KDE presents “For Activists”: you to can leverage the tools to effectively organize rallies, privately communicate with fellow community members, and safely manage your own grassroots movement.
At the bottom of the page there is a link to the Tor project. There is also the I2P project, a self-contained “Internet” based on Perr to Peer. For those who do not have the freedom to be an activist guaranteed by the respective state, two valuable applications in terms of freedom of expression.
The top photo has a number of various political viewpoints being displayed at a protest rally. Having those front and centre of the web page can be seen as a tacit endorsement of those views. If you add the context of the page where whoever is typing is showing a further aligned bias. Picking Edward Snowdon as an example using something which isn’t even a KDE specific thing. Talking about mercurial billionaire and over inflated egos, might as well have just said Elon Musk and saved the inferences.
All of this together is projecting a very narrow viewpoint of what a KDE users activist views could be. It’s very different from the other “for” pages which are just concentrating on the technical capabilities of the software.
It applies when it is irrelevant. Mentioning the power usage of KDE applications makes sense. Showing pictures of hand written banners and talking about Edward Snowdon using e-mail encryption does not.
Nowadays, pretty much any political stance is polarising. If you have an opinion about anything, there are people who will hate you. We live in very strange times.
While people who write software will inevitably have political views that users of the software will find objectionable (and vice-versa), keep in mind that good software (and by that I mean Free Software) itself is politically neutral in the sense that it empowers you, regardless of who you are and what you are advocating for, and who agrees or disagrees with you, you will benefit from things like encrypted communication, or having access to the source code of the software you are running.
I think the photo is distracting from the main point. For example, Ecosia did the job well. No talking about “justice”, “should I be worry?” or politics in general. Ecolocaust, really? Instead of it, the message is simple, if you like what we’re doing, come with us.

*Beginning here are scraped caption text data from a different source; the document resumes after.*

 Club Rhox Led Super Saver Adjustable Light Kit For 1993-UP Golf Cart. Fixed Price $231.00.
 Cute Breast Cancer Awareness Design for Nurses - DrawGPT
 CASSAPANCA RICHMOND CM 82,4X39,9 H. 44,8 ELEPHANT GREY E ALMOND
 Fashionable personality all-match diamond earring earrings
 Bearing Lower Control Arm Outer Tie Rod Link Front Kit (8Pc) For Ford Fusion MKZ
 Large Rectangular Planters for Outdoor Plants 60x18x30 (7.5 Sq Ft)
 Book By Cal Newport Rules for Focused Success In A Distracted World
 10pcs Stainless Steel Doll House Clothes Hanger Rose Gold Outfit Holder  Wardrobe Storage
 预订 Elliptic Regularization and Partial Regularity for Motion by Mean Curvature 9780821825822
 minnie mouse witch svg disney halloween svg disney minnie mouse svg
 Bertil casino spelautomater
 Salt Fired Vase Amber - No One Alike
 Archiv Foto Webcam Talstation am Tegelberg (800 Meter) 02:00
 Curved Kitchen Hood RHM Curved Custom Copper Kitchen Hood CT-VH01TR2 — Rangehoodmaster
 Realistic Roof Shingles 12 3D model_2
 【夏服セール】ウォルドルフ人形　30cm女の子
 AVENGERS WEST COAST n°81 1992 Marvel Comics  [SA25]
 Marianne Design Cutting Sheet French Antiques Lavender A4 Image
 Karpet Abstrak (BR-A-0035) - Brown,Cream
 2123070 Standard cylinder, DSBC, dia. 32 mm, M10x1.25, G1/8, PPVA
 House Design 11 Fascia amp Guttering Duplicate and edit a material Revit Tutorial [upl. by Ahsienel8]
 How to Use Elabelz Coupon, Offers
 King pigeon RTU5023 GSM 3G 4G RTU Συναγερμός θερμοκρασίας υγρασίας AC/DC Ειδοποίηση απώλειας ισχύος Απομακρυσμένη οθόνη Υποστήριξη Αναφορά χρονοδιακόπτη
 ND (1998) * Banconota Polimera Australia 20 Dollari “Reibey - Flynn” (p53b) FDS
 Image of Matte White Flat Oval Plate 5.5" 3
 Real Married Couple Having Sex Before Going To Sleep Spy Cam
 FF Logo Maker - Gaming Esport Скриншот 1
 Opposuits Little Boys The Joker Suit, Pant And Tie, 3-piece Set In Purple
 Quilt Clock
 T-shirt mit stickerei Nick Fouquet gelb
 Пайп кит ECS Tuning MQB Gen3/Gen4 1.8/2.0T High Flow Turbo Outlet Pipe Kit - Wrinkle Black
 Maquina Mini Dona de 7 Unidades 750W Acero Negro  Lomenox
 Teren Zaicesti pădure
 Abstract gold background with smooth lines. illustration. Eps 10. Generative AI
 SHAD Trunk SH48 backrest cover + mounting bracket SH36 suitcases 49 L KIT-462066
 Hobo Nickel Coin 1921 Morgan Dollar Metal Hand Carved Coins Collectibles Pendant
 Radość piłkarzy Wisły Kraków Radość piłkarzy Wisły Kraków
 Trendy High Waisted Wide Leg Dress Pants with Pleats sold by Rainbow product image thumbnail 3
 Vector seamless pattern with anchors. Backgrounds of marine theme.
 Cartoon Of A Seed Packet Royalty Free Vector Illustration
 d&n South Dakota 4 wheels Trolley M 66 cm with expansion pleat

From the other point of view, do you like/prefer to be welcomed by yelling people, or photo like on Ecosia website?
Second thing. Why Tokodon and Mastodon is promoted in aggressive manner?
Tokodon is a client for Mastodon, a social network
that is not for sale and not controlled by mercurial billionaires with
Why not something like, Mastodon is a social network created by users for the users, or something like that?
I’ll end here because I’m a bit disappointed and triggered. I should rather ask why Ardour is not mentioned. Brilliant DAW for music, podcasts, work with audio in general and if I don’t misunderstand, it can handle gigs live as tool for sound engineer.
My bad, I was on KDE for Creators page at the same time
Anyway, question is still valid, but there is no topic about KDE for Creators. I’m not sure if it is worth now to create the topic for this one question, so maybe someone just note that there was a question about Ardour.